Exercise goal:
Wherever a picture appears in the listing, leave it out, and copy the rest exactly.

Provided data:
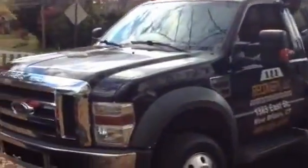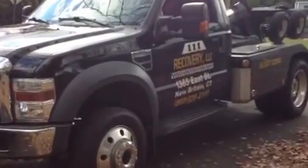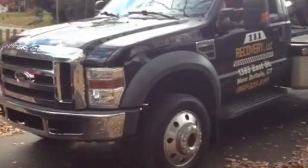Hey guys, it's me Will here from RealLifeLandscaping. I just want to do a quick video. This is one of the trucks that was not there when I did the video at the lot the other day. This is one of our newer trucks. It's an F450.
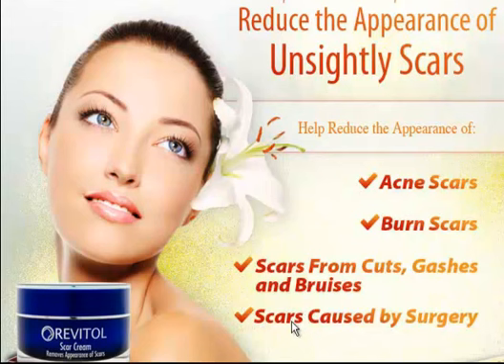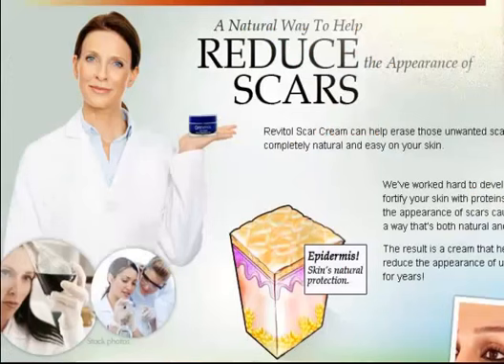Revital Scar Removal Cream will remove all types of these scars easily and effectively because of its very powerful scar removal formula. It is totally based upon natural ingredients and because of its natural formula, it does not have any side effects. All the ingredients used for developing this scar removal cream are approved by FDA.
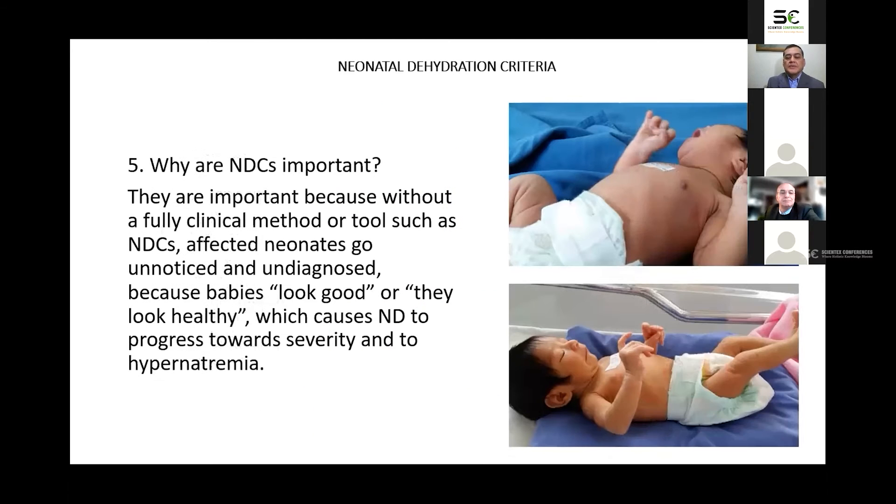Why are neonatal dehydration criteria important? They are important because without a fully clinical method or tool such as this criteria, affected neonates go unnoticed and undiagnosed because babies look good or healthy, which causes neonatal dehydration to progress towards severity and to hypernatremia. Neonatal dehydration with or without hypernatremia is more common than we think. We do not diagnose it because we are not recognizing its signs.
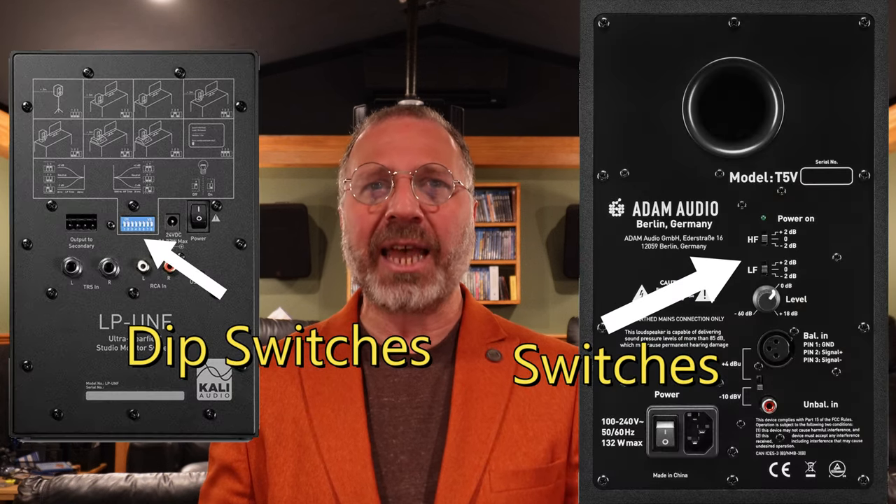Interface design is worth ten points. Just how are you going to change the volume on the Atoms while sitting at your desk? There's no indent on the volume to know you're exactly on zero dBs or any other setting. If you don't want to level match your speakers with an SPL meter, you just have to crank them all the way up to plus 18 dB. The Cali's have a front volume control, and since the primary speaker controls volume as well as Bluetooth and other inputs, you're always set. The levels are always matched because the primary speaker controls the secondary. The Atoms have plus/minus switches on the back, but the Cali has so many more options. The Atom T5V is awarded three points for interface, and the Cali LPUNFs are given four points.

Solution:
Hey guys, it's me Will here from RealLifeLandscaping. I just want to do a quick video. This is one of the trucks that was not there when I did the video at the lot the other day. This is one of our newer trucks. It's an F450.
Revital Scar Removal Cream will remove all types of these scars easily and effectively because of its very powerful scar removal formula. It is totally based upon natural ingredients and because of its natural formula, it does not have any side effects. All the ingredients used for developing this scar removal cream are approved by FDA.
Why are neonatal dehydration criteria important? They are important because without a fully clinical method or tool such as this criteria, affected neonates go unnoticed and undiagnosed because babies look good or healthy, which causes neonatal dehydration to progress towards severity and to hypernatremia. Neonatal dehydration with or without hypernatremia is more common than we think. We do not diagnose it because we are not recognizing its signs.
Interface design is worth ten points. Just how are you going to change the volume on the Atoms while sitting at your desk? There's no indent on the volume to know you're exactly on zero dBs or any other setting. If you don't want to level match your speakers with an SPL meter, you just have to crank them all the way up to plus 18 dB. The Cali's have a front volume control, and since the primary speaker controls volume as well as Bluetooth and other inputs, you're always set. The levels are always matched because the primary speaker controls the secondary. The Atoms have plus/minus switches on the back, but the Cali has so many more options. The Atom T5V is awarded three points for interface, and the Cali LPUNFs are given four points.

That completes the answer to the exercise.